In Table 17 we summarize the results for the two ends of the spectrum (the very strong and the very weak academic performances).

There seems to be a divergence; higher than expected scores are received by students whose guardians are self-employed, they are teachers of all levels, officers of the armed forces, private and civil servants. On the contrary, the low level of academic performance is dominated by students whose guardians declare themselves unskilled workers, manual workers, farmers, and stockbreeders.

It is immediately obvious that our idealistic hypothesis does not hold. There are some professions whose children are more often very strong students and more rarely very weak students while for professions the exact opposite is true.

This is particularly true when it comes to the case of very strong academic performance, where the children of self-employed professionals have a much greater chance of performing well.
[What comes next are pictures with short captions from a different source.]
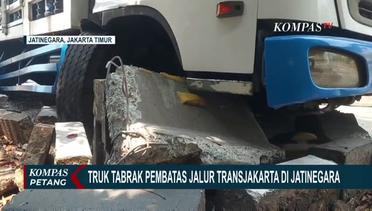 Diduga Ngantuk, Sopir Truk Tabrak Pembatas Jalur Transjakarta di Jatinegara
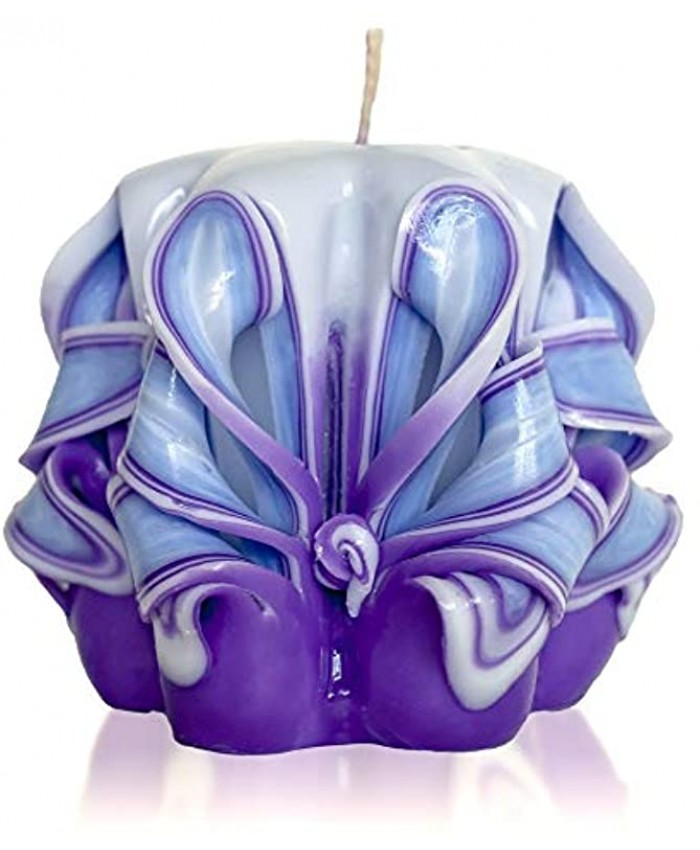 Hand Carved Candles Handmade Candles Purple Blue White by Size 2 inch Made by 16th Century Techtology Handcrafted Candles Decorative Candles
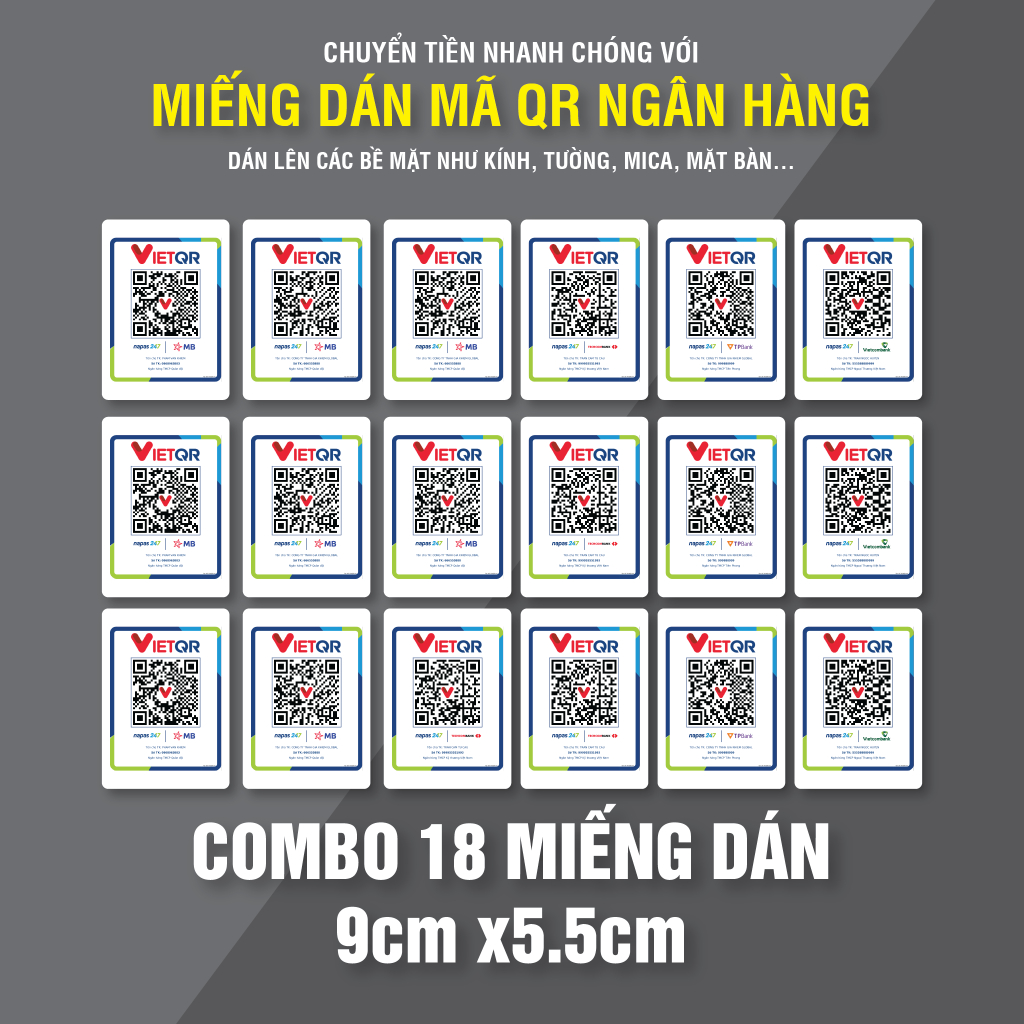 Miếng dán mã QR ngân hàng dùng cho QR bán hàng, QR nhà hàng, QR shop
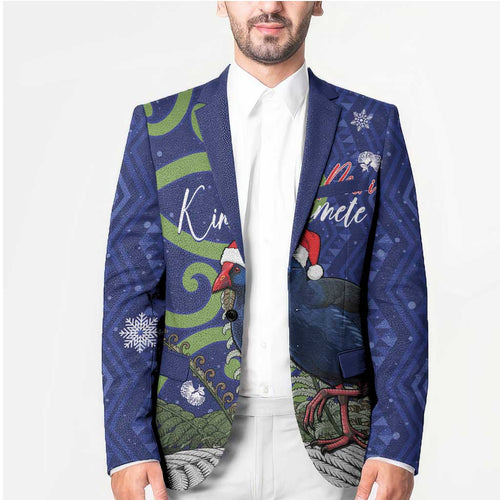 Personalized New Zealand Pukeko Christmas Blazer Meri Kirihimete Taniko Ponga Koru Blue - Aussie Hoodie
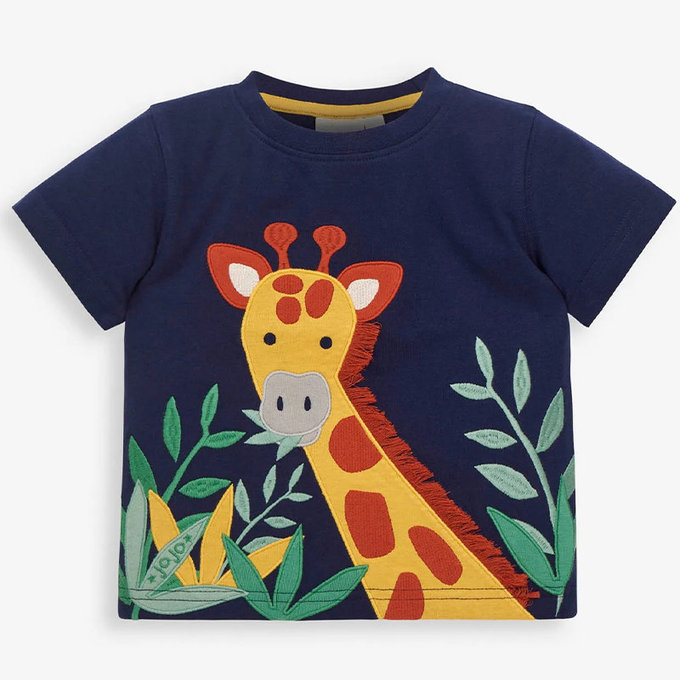 英國 JoJo Maman BeBe 超優質嬰幼兒/兒童100％純棉短袖上衣/T-shirt/動物T_長頸鹿(JJH2894)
It is this type of performance that a few years down the road will allow them to enter one of the most coveted schools and by building on it continue a path in the higher classes of society.

On the other end, children whose parents are employed in elementary occupations have a much smaller chance to follow such a path and are thus more likely to remain at the same classes.

In other words, the data shows that the Greek educational system is not in fact the great equalizer that it is claimed to be.

3.3.2. Gender

Using a corresponding methodology, the percentage differences between the observed and the expected frequencies of the four clusters in terms of the gender of the students were calculated. (x² = 17,514.29, p-value < 0.0001). Figure 5 shows that females have a higher frequency of high performance (8.15%) and a lower-than-expected frequency of low performance. In contrast, males show lower frequency than expected in high performance and higher in low academic performance.

3.3.3. District

The test was repeated based on the district where the students live for elementary and junior high school (x² = 6612,839, p-value < 0.0001). After calculating the percentage difference in performance, the largest and smallest differences in the high and low performance clusters were identified.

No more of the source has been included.